Hier nebenan ist auch die Touristeninformation.
So erhalten wir dort anschließend auch den ersten, ersehnten Stempel in unseren Pilgerausweis. Die Sammelleidenschaft nach den Stempeln beginnt also bereits hier.

Mit einer kleinen Touristenbahn unternehmen wir eine einstündige Stadtrundfahrt und bekommen so einen groben Überblick über die Stadt Porto. Angenehm warm ist es, zirka 22 Grad.
Später laufen wir durch enge Gassen, um uns die hübsche Altstadt anzusehen. An vielen Gebäuden sehen wir die typischen blauen Kachelornamente. Ganze Geschichten werden auf Häuserwänden dargestellt, wie zum Beispiel Schlachten oder religiöse Abbildungen. Aber auch reich verzierte Blumenornamente bewundern wir.

Danach begeben wir uns von der vor uns auftauchenden Brücke, die übrigens von Gustave Eiffel erbaut wurde, hinunter zum Douro-Fluss.
Dort, in der Nähe des Hafens, ist das Wohnviertel allerdings sehr ärmlich und die Häuser sind teilweise sehr alt und verfallen, Fassaden bröckeln ab.
Beim Bau der Brücke hat man sich nicht gescheut, Teile eines Hauses einfach weg zu schlagen, um Platz für den Bau zu schaffen. Die Bahn fährt dort entsprechend fast durchs Zimmer.
Überall hängt Wäsche aus den Fenstern, auch quer durch die Gassen gespannt.

Streunende Katzen und Hunde und Unrat sind überall zu sehen. Die Menschen, vor allem die Kinder, wirken sehr ärmlich und vernachlässigt.

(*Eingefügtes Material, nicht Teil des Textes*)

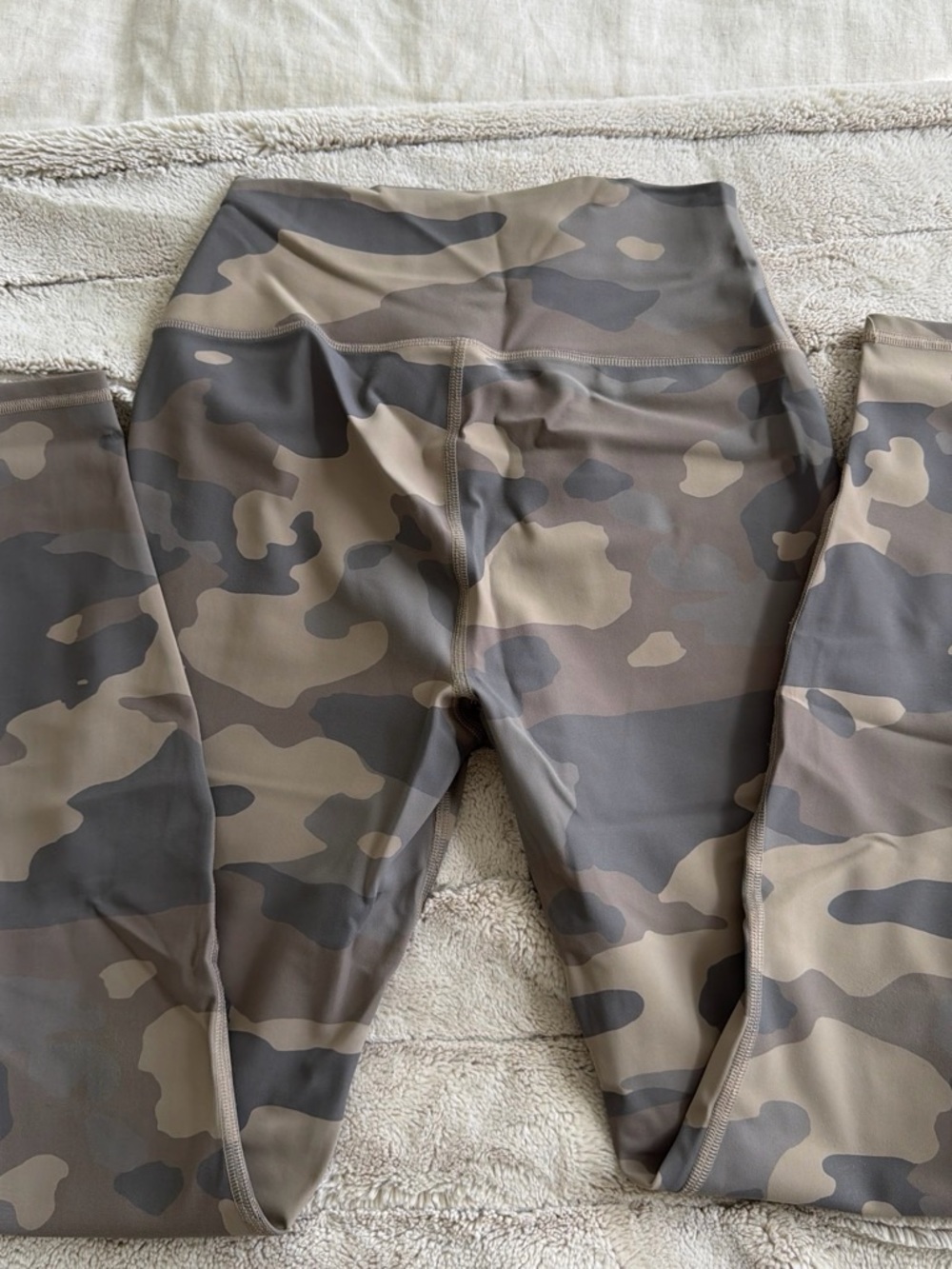 Alo Yoga Camo High-Waist Leggings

Was für ein Gegensatz zu der prunkvoll ausgestatteten Kathedrale!
Entlang der Hafenpromenade mit vielen Marktständen gehen wir uns unsere Jakobsmuschel kaufen, das symbolische Pilgerzeichen.

Die Legende berichtet, dass ein junger Mann, der vom Heiligen Jakobus vor dem Ertrinken bewahrt wurde, völlig mit Muscheln bedeckt aus dem Wasser stieg.
Seitdem gilt die Muschel als Schutzzeichen der Pilger. Eine andere Symbolik, die auch einleuchtend ist, bezieht sich auf die Linen der Muschel, die die verschiedenen Jakobswege darstellen sollen, die alle zu dem einen Ort führen, nämlich nach Santiago de Compostela. –
Zu Mittag essen wir in der kleinen Bar in unserem Hotel. Hier stillen auch viele Einheimische ihren Hunger und so müssten die Speisen auch gut schmecken, nehmen wir an. Ich entscheide mich für gebratene Sardinen mit Reis und Gemüse. Die drei ganzen Fische, wie es scheint, mit noch fast allen Eingeweiden, schauen mich aus ihren trüben Augen vorwurfsvoll an, da bin ich schon fast satt. Augenblicklich bekomme ich auch einen fürchterlichen Durst. Fisch will ja bekanntlich schwimmen.
Ich bestelle mir ein großes Glas Orangensaft und ein Wasser ohne Kohlensäure, also Aqua sin Gas.
Jürgen nimmt so eine Art Schlacht-Platte. Ein Glück, dass ich das nicht essen muss, denke ich. Aber es schmeckt wohl besser, als es aussieht.
Danach ruhen wir uns im Zimmer etwas aus. Nach etwa einer Stunde gehen wir noch mal raus an die Luft und besorgen uns Proviant für den nächsten Tag, vor allem Bananen.
Ziemlich viele Touristen sind in der schönen betriebsamen Altstadt unterwegs, aber auch einige Straßenmusikanten und Künstler.
Sogar einen sehr ansprechenden Kunst-Trödelmarkt gibt es an diesem Wochenende in einer Straßenzeile. Hier könnte ich mich stundenlang aufhalten. Als normaler Tourist hätte ich bestimmt einiges gekauft, aber so muss ich darauf verzichten, von wegen dem Tragen. Ich weiß auch nicht, wo ich den ganzen bevorstehenden Weg über in meinem Rucksack noch etwas verstauen könnte.
Die Altstadt von Porto ist abends noch hübscher als am Tage, denn viele Gebäude sind dann angestrahlt. Was das ausmacht! – Wir sind begeistert!
Morgen wollen wir unsere zwanzig Kilometer über Campos Verdes und Vilarinho zur nächsten Herberge schaffen und gehen deshalb früh zu Bett.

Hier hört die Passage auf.